La legge elettorale rimane un tema cruciale, con il rischio di un voto anticipato. La Russa ha annunciato che il provvedimento arriverà in Aula ai primissimi di settembre, con il voto finale calendarizzato per il 15. Per blindare la tabella di marcia e non allungare la brodo, i termini per la Commissione e per l’Aula ora coincidono. Su questo Giorgia Meloni non transige: “Non ho nessuna voglia di farmi cucinare a fuoco lento”, è il ragionamento della premier. La legge elettorale potrebbe diventare un tema di discussione cruciale per il governo. La decisione di La Russa di slittare il termine per gli emendamenti ha avuto conseguenze significative, ma non ha risolto le tensioni interne al governo. La legge elettorale rimane un tema di discussione, con il rischio di un voto anticipato e la possibilità di un’accelerazione che potrebbe portare a un’uscita di scena non prevista.

Le conseguenze del colpo di spugna e la posizione del governo

Il colpo di spugna sulle intercettazioni ha avuto conseguenze significative, ma non ha risolto le tensioni interne al governo.
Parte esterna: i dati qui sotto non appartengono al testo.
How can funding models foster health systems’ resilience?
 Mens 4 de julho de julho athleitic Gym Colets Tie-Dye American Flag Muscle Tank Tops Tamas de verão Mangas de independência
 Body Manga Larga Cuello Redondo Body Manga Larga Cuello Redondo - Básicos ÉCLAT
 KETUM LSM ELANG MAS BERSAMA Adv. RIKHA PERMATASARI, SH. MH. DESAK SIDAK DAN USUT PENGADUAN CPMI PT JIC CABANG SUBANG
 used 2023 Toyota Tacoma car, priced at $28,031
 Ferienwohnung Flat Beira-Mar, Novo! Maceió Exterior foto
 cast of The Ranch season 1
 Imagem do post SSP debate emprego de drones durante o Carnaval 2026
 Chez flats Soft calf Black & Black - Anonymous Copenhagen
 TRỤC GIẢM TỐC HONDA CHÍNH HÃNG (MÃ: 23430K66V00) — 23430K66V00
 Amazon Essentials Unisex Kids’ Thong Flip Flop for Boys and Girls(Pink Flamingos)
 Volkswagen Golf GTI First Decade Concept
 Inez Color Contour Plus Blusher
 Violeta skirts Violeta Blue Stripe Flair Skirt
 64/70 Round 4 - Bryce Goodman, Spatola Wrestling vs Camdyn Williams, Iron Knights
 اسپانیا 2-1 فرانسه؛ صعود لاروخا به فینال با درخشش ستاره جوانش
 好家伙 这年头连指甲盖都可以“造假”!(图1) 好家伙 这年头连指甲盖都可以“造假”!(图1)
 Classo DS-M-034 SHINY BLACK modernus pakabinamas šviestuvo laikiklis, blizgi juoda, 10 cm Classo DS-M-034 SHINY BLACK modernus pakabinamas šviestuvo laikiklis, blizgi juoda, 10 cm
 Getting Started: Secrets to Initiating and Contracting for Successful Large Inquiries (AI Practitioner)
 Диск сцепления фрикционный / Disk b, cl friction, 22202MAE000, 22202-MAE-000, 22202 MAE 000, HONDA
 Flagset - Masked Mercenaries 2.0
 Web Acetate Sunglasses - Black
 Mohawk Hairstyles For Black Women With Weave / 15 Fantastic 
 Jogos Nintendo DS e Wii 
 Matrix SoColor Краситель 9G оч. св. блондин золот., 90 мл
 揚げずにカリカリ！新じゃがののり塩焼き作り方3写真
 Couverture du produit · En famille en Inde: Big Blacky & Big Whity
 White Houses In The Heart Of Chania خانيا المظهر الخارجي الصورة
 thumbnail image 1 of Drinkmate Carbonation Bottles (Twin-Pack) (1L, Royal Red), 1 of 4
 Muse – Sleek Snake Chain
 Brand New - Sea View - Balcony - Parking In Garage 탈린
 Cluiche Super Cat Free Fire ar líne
La decisione di azzerare con un solo voto oltre quattrocento emendamenti ha coperto le crepe della maggioranza sulle norme anti-migranti stese dal Carroccio, ma non ha risolto le resistenze di Forza Italia. La legge elettorale rimane un tema cruciale, con il rischio di un voto anticipato e la possibilità di un’accelerazione che potrebbe portare a un’uscita di scena non prevista.

Il governo cerca di mantenere il controllo sulla legge elettorale, ma le tensioni interne non si placano. La decisione di La Russa di slittare il termine per gli emendamenti ha avuto conseguenze significative, ma non ha risolto le resistenze di Forza Italia. La legge elettorale rimane un tema di discussione, con il rischio di un voto anticipato e la possibilità di un’accelerazione che potrebbe portare a un’uscita di scena non prevista.